Keck stated when the original delay was announced last month that he disliked the decision. Wednesday’s remarks took it a step further with the call to action.
“Make those phone calls. Let the folks in Frankfort know that you’re upset with this decision. Stand with me, and let’s see if we can get our kids back to school sooner. And if not, let’s ensure that they go back at the end of next month,” Keck said.
He said he felt like locally the residents have done their part at trying to “flatten the curve” and prevent the spread of the virus.
“Yet here we are again, changing the rules, if you will, for our kids. Having to explain to my children why they don’t get to go back, and it doesn’t make any sense to me.”
He added that many working parents would be faced with economic hardships, having to scrabble to find safe child care.
He ended his address by telling residents to thank their teachers and school administrators who are working through this time.
In the health department’s weekly address shown via YouTube, LCDHD Director Shawn Crabtree said his concerns came from not knowing how quickly the coronavirus could spread through schools, and that having one positive case could result in having many students and teachers quarantined.

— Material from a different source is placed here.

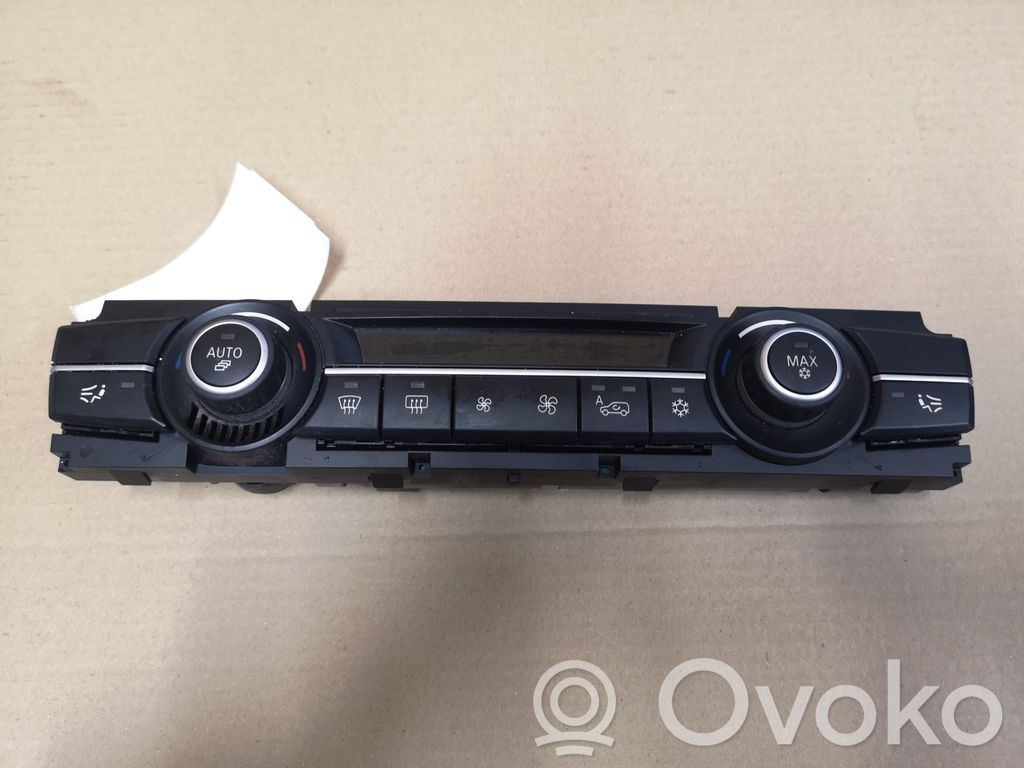 BMW X5 E70 Climate control unit 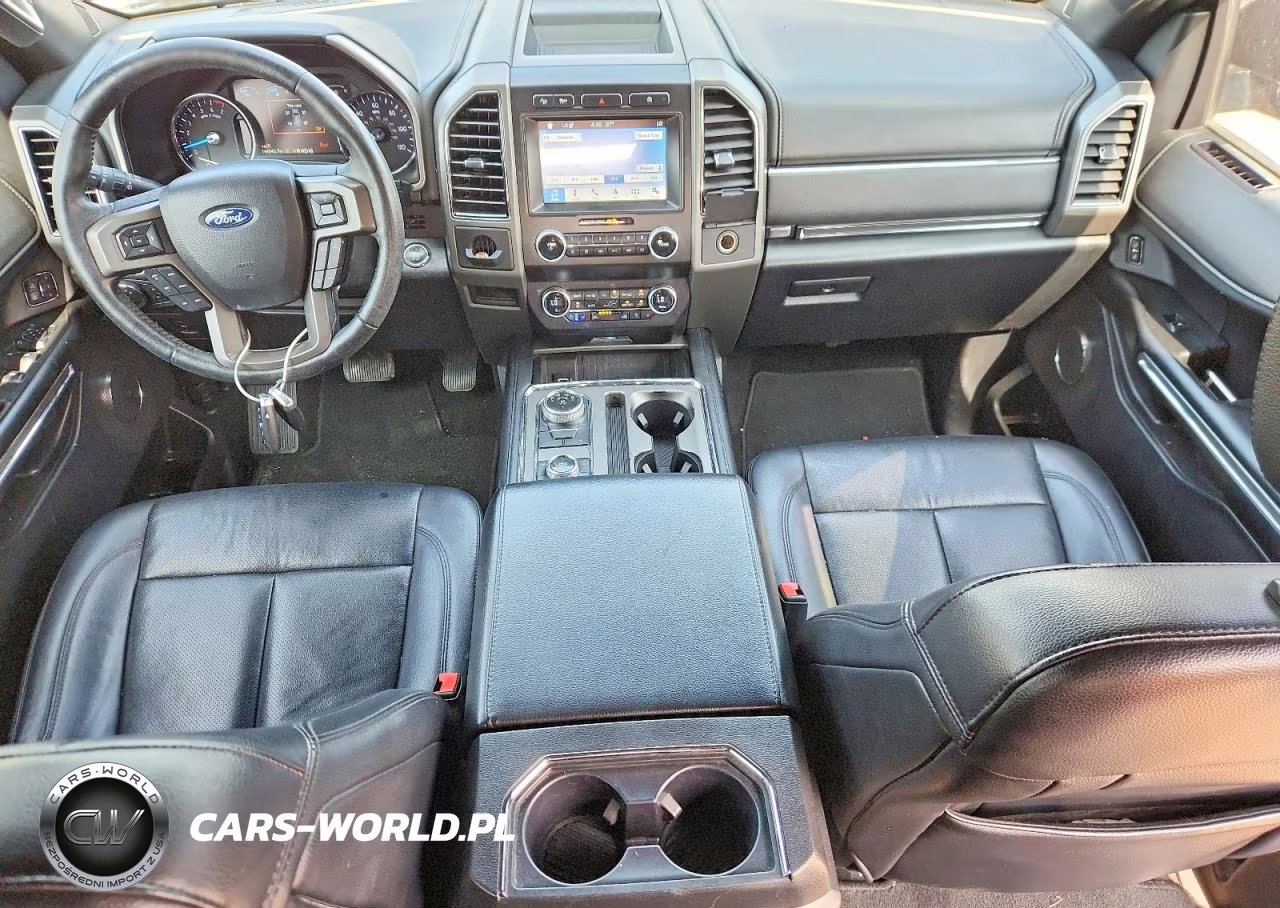 2019 Ford Expedition Max Xlt VIN:1FMJK1JT8KEA51924 - 8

The proof could come from those schools that open to in-person classes despite the governor’s requests. Crabtree said he knew that several private Christian schools within the district were going ahead with in-person learning.
“We will certainly find out a lot over the next few weeks how quickly this spreads in a school setting,” Crabtree said.
“… Personally, I hope that all the precautions work, and that we will learn that you can have school without it spreading, without it becoming a turbocharged transmission place where it’s spread very quickly.”
He added that after more information is known, superintendents and health officials will be able to make better informed decisions in the next quarter or semester of the school year.